The passage of the pending Immigration bill, including the provision practically enacting into law the "gentlemen's agreement" existing between the United States and Japan, against which provision Viscount Chinda, the Japanese Ambassador, has protested to President Wilson, would be a gratuitous and dangerous affront to the Japanese people, in the opinion of Japanese in New York who profess qualifications to speak for their countrymen. Chugo Chira, of the East and West News Bureau, an organization said to represent accurately the sanest thought and feeling of Japan, yesterday depicted the probable effect upon his people of the passage of the offensive measure.
"Leaving the strongly pro-American and sensationally anti-American sentiment of a minority of the Japanese out of consideration," Mr Chira said, "there is left the great majority of neutral Japanese who are desirous of maintaining friendly relations with the United States but who at the same time have a very keen appreciation of the honor of their own country and high national pride...Now these Japanese citizens are willing and eager to take up the so-called 'Japanese question'...And it is important to remember that in entering into the Root-Takahira agreement, commonly called 'the gentlemen's agreement', by which Japan promised to prohibit emigration to America, the Japanese feel that they have gone to their limit, that they can go no further without sacrificing national honor.
"But I fear that the passage of the Immigration bill as it stands will be equivalent to America's asking Japan to go further, to sacrifice her national honor. The bill will enact into law the terms of the agreement and this, to the Japanese in Japan, will be in effect a charge that they have not kept faith in the agreement and an expression on the part of Americans of their lack of faith in the Japanese word of honor...Furthermore, while Japan might voluntarily enter into an agreement to prevent emigration to America without sacrificing her honor, she might not see her way clear to quiet acceptance of a law aimed directly at her and proclaiming the inferiority of her people.

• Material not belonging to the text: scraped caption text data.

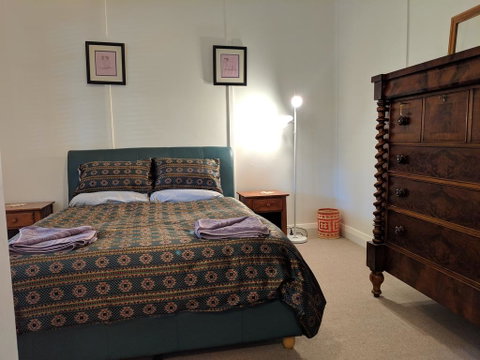 Walnut Cottage - 2 Bedroom Pet Friendly Country Cottage - Dentist Find 1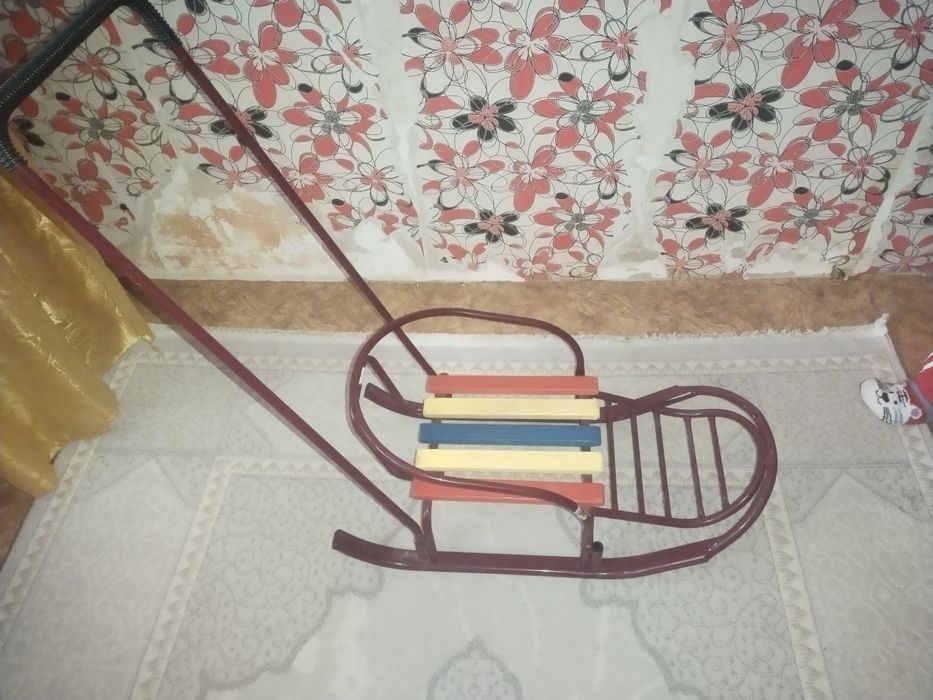 Сани зимние детские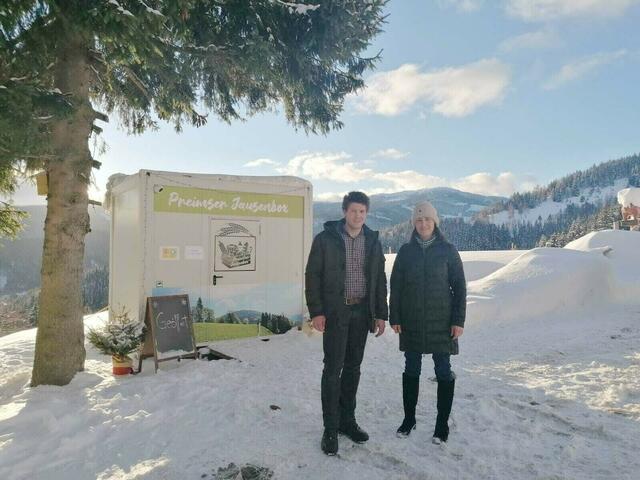 Monika Mattl mit Sohn und Fleischermeister Alexander Mattl vor der neu errichteten "Preimser Jausenbox". | Foto: Privat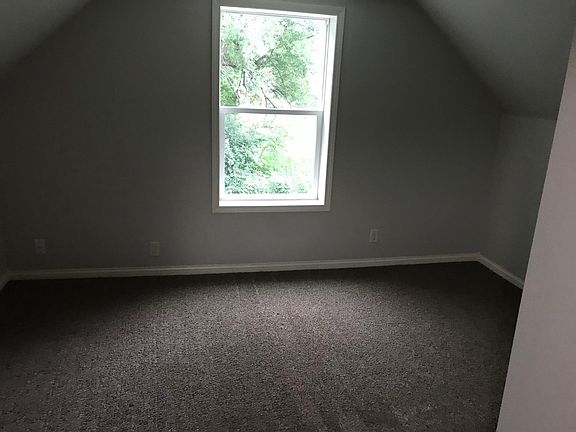 3rd image of 1902 University Dr SE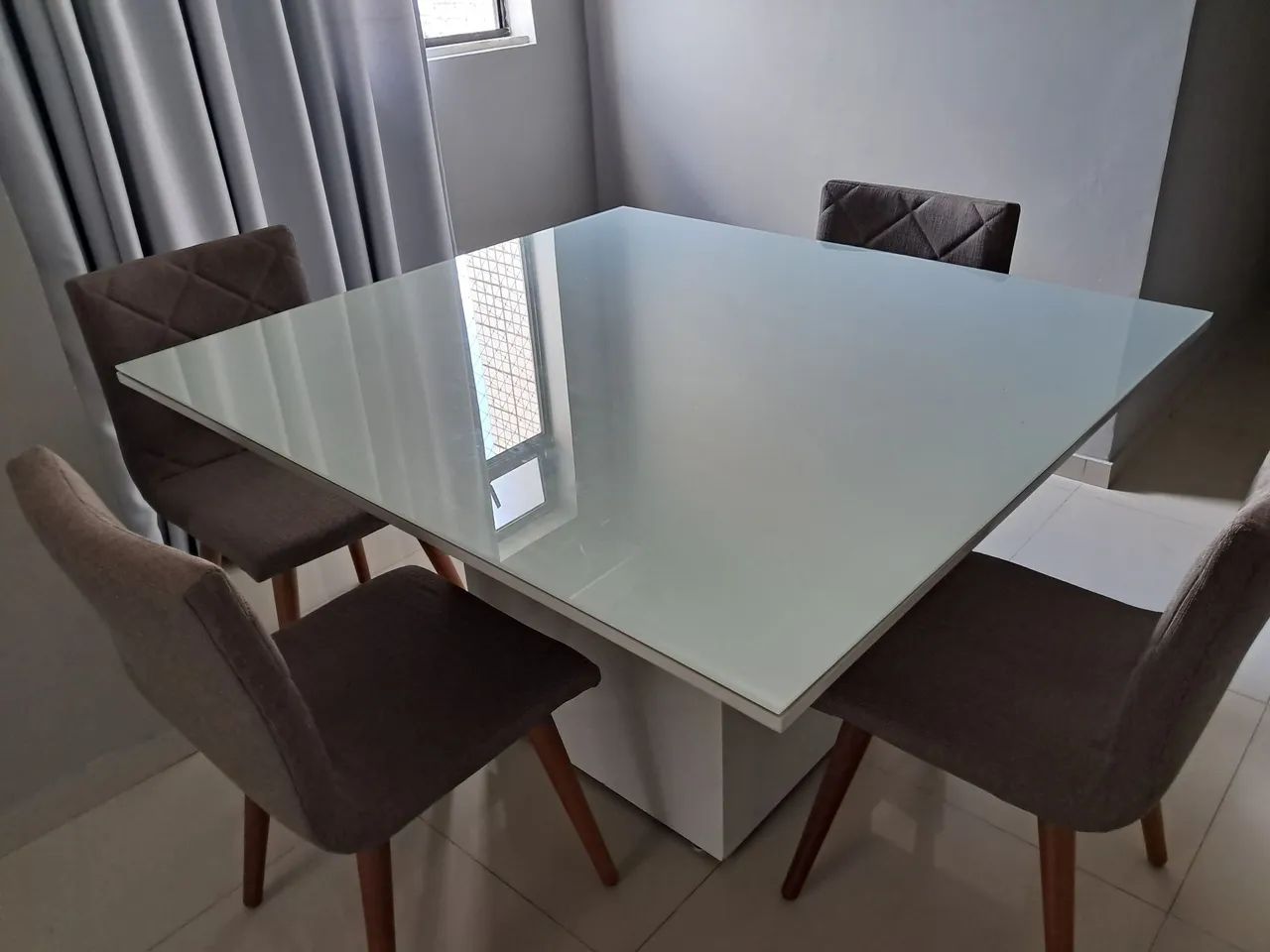 Mesa de jantar perto estado  - Foto 4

"This is touching Japan in her tenderest spot. Ever since modern Japan became a factor in civilization, she has struggled to gain admission to the family of nations as their equal. Not dreaming, at first, that her people were considered inferior by the Western peoples, Japan's original ambition, when foreign countries knocked at her door some sixty years ago, was to win material equality with other nations. To accomplish this, she opened her doors to Western invention and education, and event sent emissaries to the West to learn the best that the West had to teach.

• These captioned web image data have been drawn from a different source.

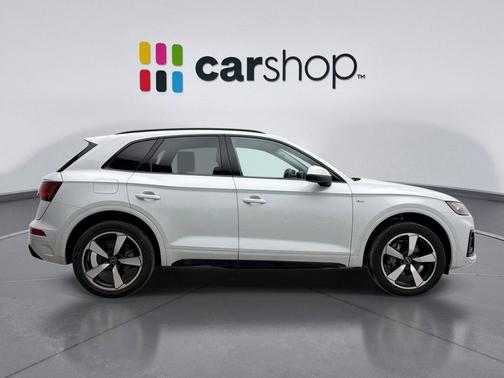 2022 Audi Q5 45 S line Premium Plus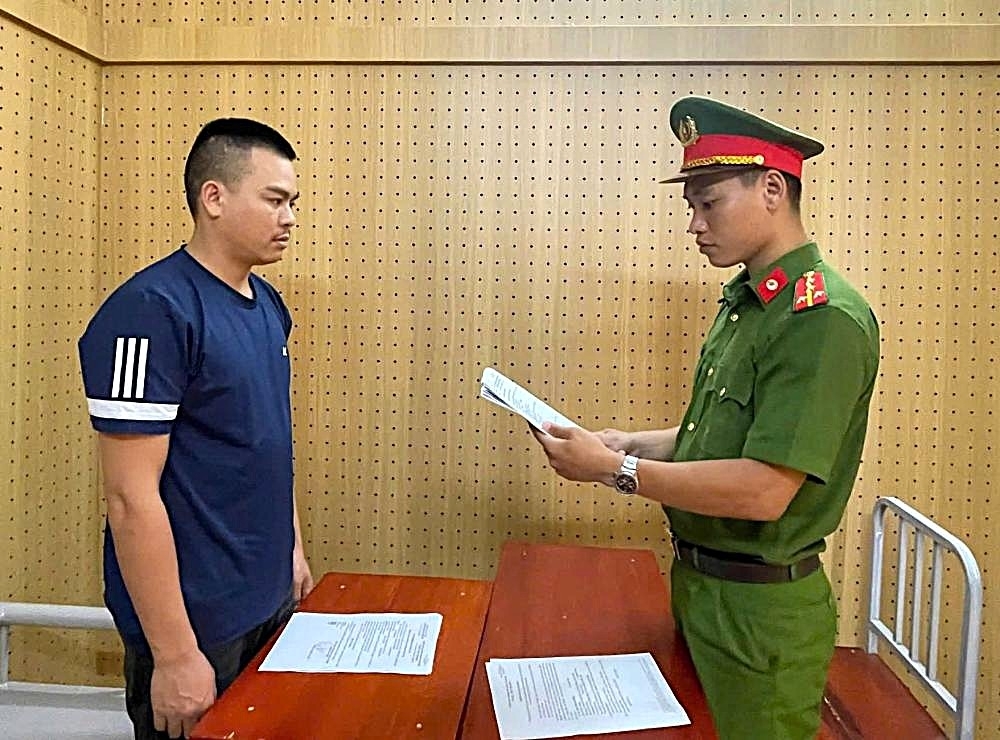 khoi to 2 doi tuong o ha tinh danh bac bang hinh thuc ca do bong da hinh anh 1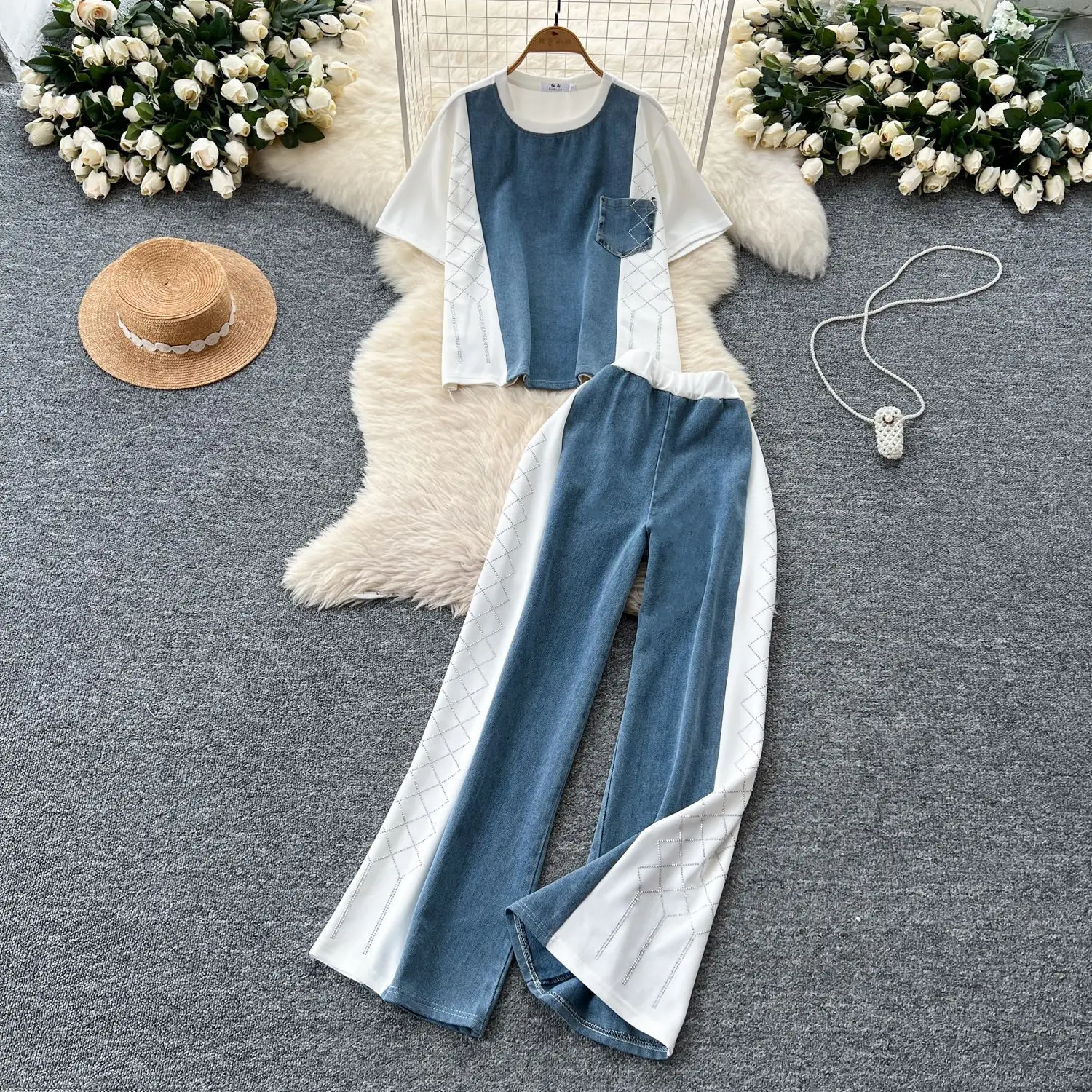 

Women's Summer Hong Kong Retro Heavy Industry Hot Diamond Denim Spliced Short-Sleeve Top & High Waist Wide-Leg Pants Suit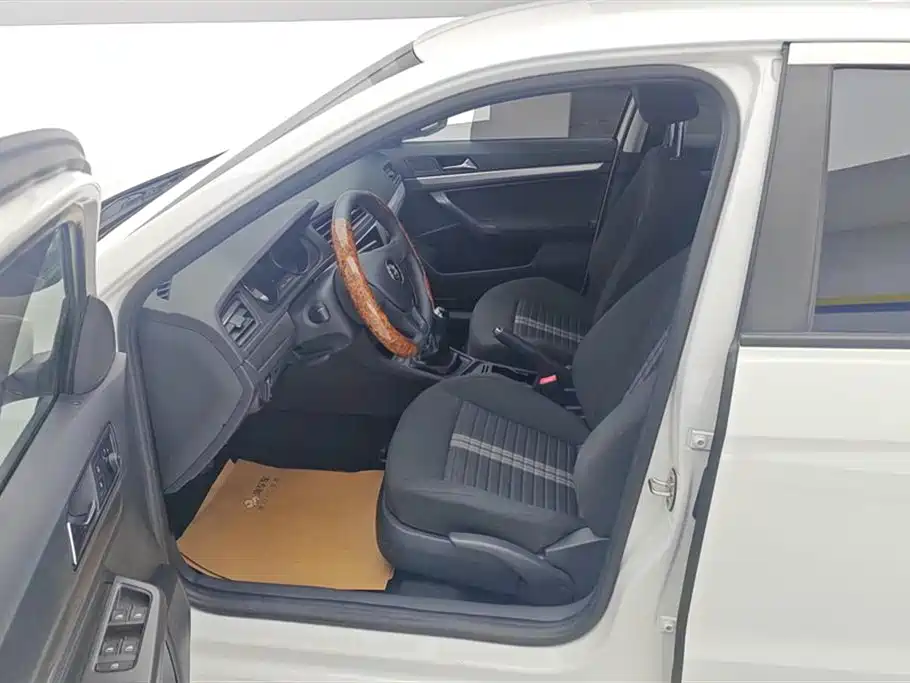 Volkswagen Lavida 2019 Lavida Start 1.5L Manual Trend (China VI) фото 9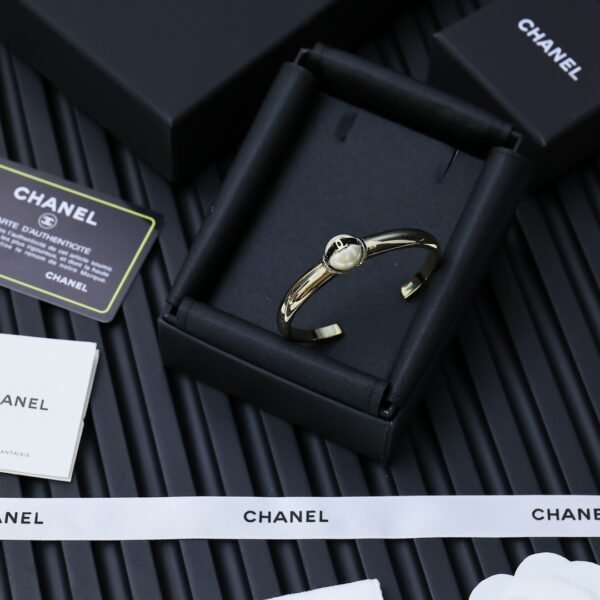 Retro Black and White enamel double C button gold Bracelet.JW01 - Image 2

"Then, suddenly, the Japanese segregation question came up in California and the Japanese realized it was not only the inferiority of material civilization that separated them from the Western peoples, but that deep-rooted religious and racial prejudices constituted a sentimental wall between them. What was known as 'The Yellow Peril' on one side of the Pacific and as 'Race Prejudice' on the other became the real problem, and this problem Japan has sought to solve by coming to understand better the Western people and making herself better understood by them.
"The Japanese feel now that they have reached a stage where, without disturbing other nations, they can ask their equality to be recognized...But what has she attained except recognition as a military power? Instead of improving, the status of Japanese abroad is in certain respects getting worse, as is illustrated in the California land act, the advisability of a 'gentlemen's agreement,' and, now lastly, the probable intention of Congress to exclude Japanese from America by law...Despite the fact that the sane, intelligent public of this country has been bending all effort to bring about a better understanding between the two countries, there seems to be a group of people who are determined to bring about bad feeling between the United States and Japan. And if they are...able to influence their countrymen to such unsympathetic and misunderstanding acts as the proposed immigration bill, there is no doubt that they will manage to get what they want sooner or later.
"The menace of such people..was emphasized by Baron Shibusawa immediately after his return to Japan...[He] said: 'Owing to a lack of understanding on both sides of the Pacific, the two nations are dangerously drifting apart. It is the ardent hope and belief of myself and others...that Baron Chinda's appeal to the President will be effectual and that the offensive clause will be stricken from the immigration bill. We Japanese have confidence in President Wilson and are sure that he will do all in his power to prevent this unnecessary and gratuitous affront to the Japanese people'".
I'm afraid I might be tempted to post a few more articles from this period.